Nesta Ponta da Garça está um lugar do mesmo nome, que tornou dela, freguesia de Nossa Senhora da Piedade, que é a festa da sua Apresentação, que se celebra a vinte e um de Novembro, a qual igreja fez Lopo Anes de Araújo, na fazenda que agora é de seus herdeiros; tem oitenta e nove fogos e almas de confissão trezentas e trinta e duas, das quais são de sacramento duzentas e quarenta e oito. O primeiro vigairo foi João Afonso Salgado; o segundo, Afonso Anes; o terceiro, Fernão Rodrigues; o quarto Manuel Roiz.
É também, como o Faial e Povoação, termo de Vila-Franca, e todos têm juízes pedâneos, que julgam até um tostão e às vezes até trezentos reis, e o escrivão e alcaide senão a Ponta da Garça. Tem granjearia e lavoura de trigo, do melhor da ilha, e pastel, por ter muitas e grossas terras, em que os moradores estão espalhados e não muito juntos. É lugar situado à beira do mar, junto de altas rochas que tem por muro da parte do sul; pouco viçoso de frutas e menos regado de águas; onde há nobres fregueses e tem sua morada, principalmente no Verão, João de Arruda, filho de Pero da Costa, casado com D. Guiomar, filha de Hector Gonçalves Minhoto, neta do Capitão João Soares, segundo do nome, da ilha de Santa Maria.

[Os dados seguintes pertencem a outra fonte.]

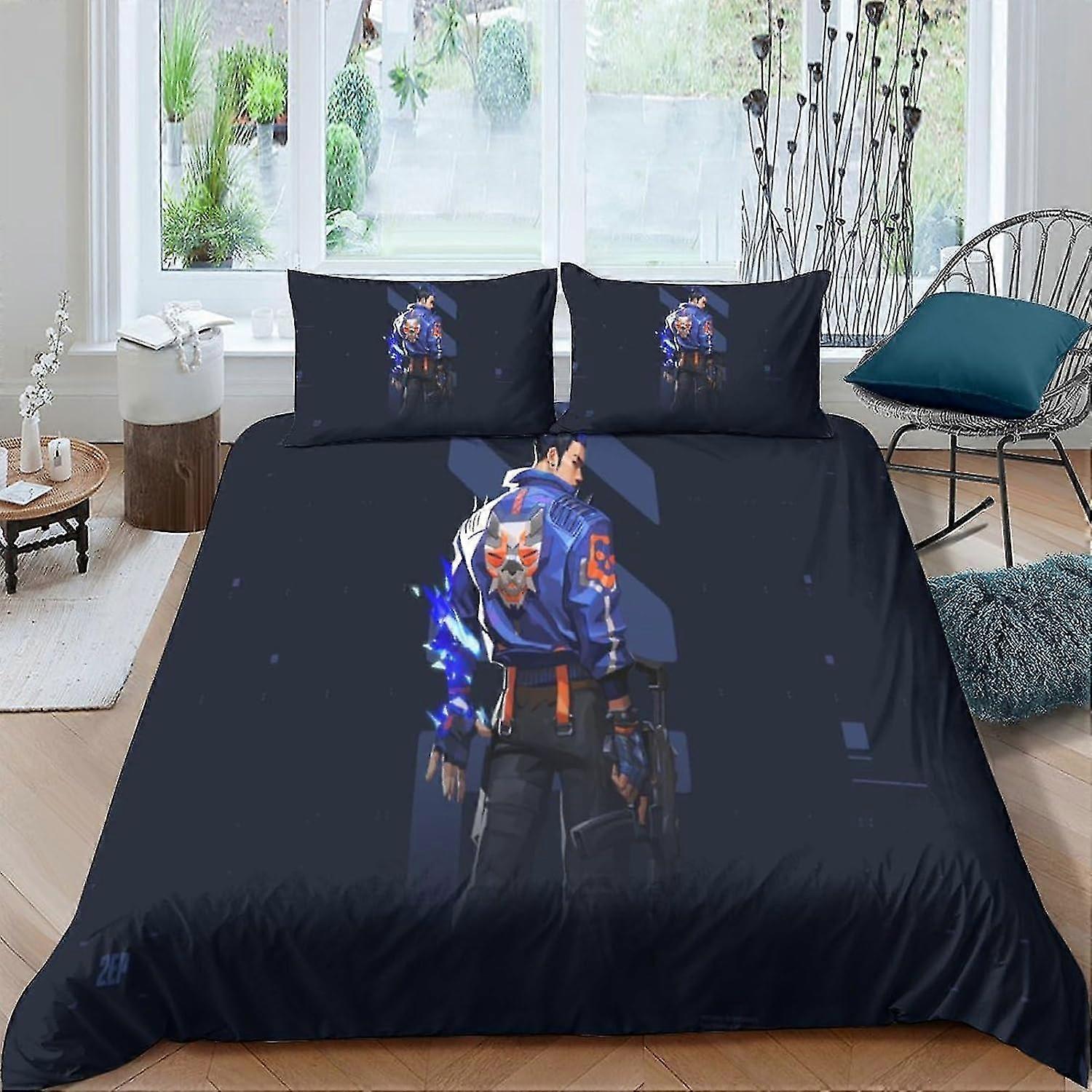 3D Printed Duvet Cover Set for Gamers, Hidden Zipper Microfiber Soft Comforter Cover, 3 Pieces Bedding Set King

Antes de chegar à Ponta da Garça, está o Cavouco, que é uma ressaca pequena e encolhimento da terra para dentro, onde há uma pequena ribeira que corre somente de Inverno, em tempo de enchentes e cai de salto. Está nesta fajã, chamada o Cavouco uma vinha e pomar.

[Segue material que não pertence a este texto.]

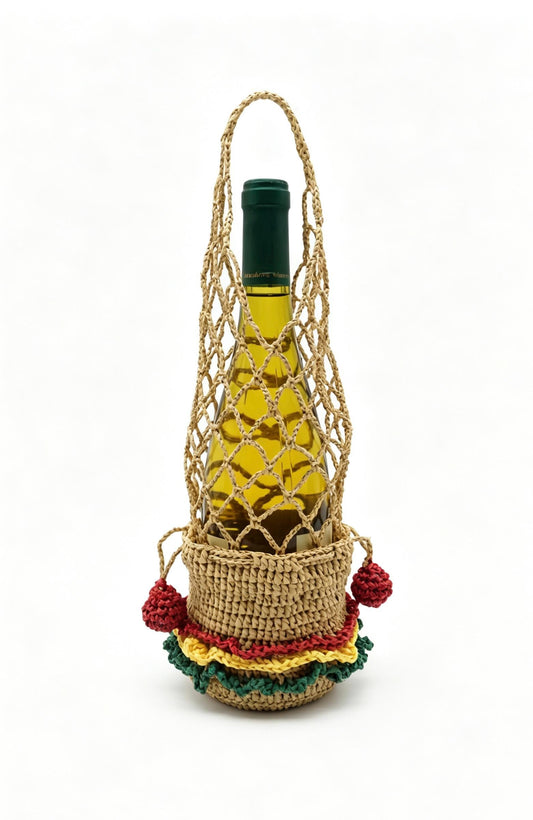 Raffia Wine Tote Bag: Hand Crochet Drawstring Mini Pouch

Daqui, passando pela Ponta da Garça, já dita, até à ribeira da Abelheira, para o ponente, que será espaço de pouco mais de quarto de légua, caem da rocha, por antre ervas verdes, rabaças e agriões, e entre canas e outras ervas, muitas e frescas fontes, umas que deitam grossa água, como a coxa de um homem, outras menores e outras mais pequenas, onde, dizem alguns, que todas elas se chamam as Onze Águas, por serem onze fontes; mas a certeza disso é que são quinze ou dezasseis, algumas espalhadas e longe umas das outras, ainda que em um lugar onde estão seis ou sete juntas, no meio de uma alta rocha, passada a Ponta da Garça, pouco espaço além dela, como um tiro de falcão, dizem alguns que ali é propriamente as Onze Águas e parece que em algum tempo foram onze e por isso Ihe puseram, àquele lugar, onde as havia juntas na rocha, este nome; onde Jordão Jácome Raposo, com outras pessoas, tinham determinado fazer um engenho de açúcar, para o qual tinha já começado o caminho pela rocha e muita pedra de cal junta, por terem na mesma comarca prantadas muitas canas de açúquere o mesmo Jordão Jácome e Marcos Dias e Jorge Afonso, as quais se perderam juntamente com as da Vila-Franca, com um furacão que sobreveio, como adiante direi. E no mesmo lugar já esteve um moinho, em baixo, ao lível do mar, e ajuntaram estas águas todas com que ele moeu, no tempo do segundo terremoto desta ilha, por se perderem os moinhos da Praia, com as grandes enchentes que então foram, as quais não somente levaram os moinhos, mas também uma ponte que na ribeira deles estava, muito forte e bem feita, e outra que estava como um quarto de légua de Vila-Franca, na Ribeira das Tainhas, a qual havia pouco tempo que era acabada. Ou aquelas fontes se ajuntaram, ou algumas secaram, porque agora não são mais que seis juntas , onde comummente chamam Onze Águas: ainda que algumas pessoas dizem que toda esta comarca e espaço do Cavouco, até à ribeira da Abelheira, já dita, tem este nome de Onze Águas, dizendo que há nela estas onze fontes, sendo elas ao presente tempo quinze ou dezasseis.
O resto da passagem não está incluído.